"Let me come with you, then. We will both leave Miss Murray to enjoy her inheritance in peace."
"No, that would not be just."
"Just! What do I care for justice?" said Dino, indignantly, while his eyes grew dark and his cheeks crimson with passionate feeling. "I care for you, for her, for the happiness of you both. Can I do nothing towards it?"
"Nothing, I think, Dino mio."
"But you will stay with me until you go? You will not cast me off as you have cast off your other friends? Promise me."
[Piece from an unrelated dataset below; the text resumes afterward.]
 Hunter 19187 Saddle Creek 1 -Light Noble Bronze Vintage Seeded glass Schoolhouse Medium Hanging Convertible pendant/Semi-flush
"I promise you, Dino," said Brian, laying his hand soothingly on the other's shoulder. It seemed to him that Dino must be suffering from fever; that he was taking a morbidly exaggerated view of matters. But his next words showed that his excitement proceeded from no merely physical cause.
"I have done you no harm, at any rate," he said, rising and holding Brian's hand between his own. "I have made up my mind. I will have none of this inheritance. It shall either be yours or hers. I do not want it. And I have taken the first step towards ridding myself of it."
"What have you done?" said Brian.
"Will you ever forgive me?" asked Dino, looking half-sadly, half-doubtfully, into his face. "I am not sure that you ever will. I have betrayed you. I have said that you were alive."
Brian's face first turned red, then deathly pale. He withdrew his hand from Dino's grasp, and took a backward step.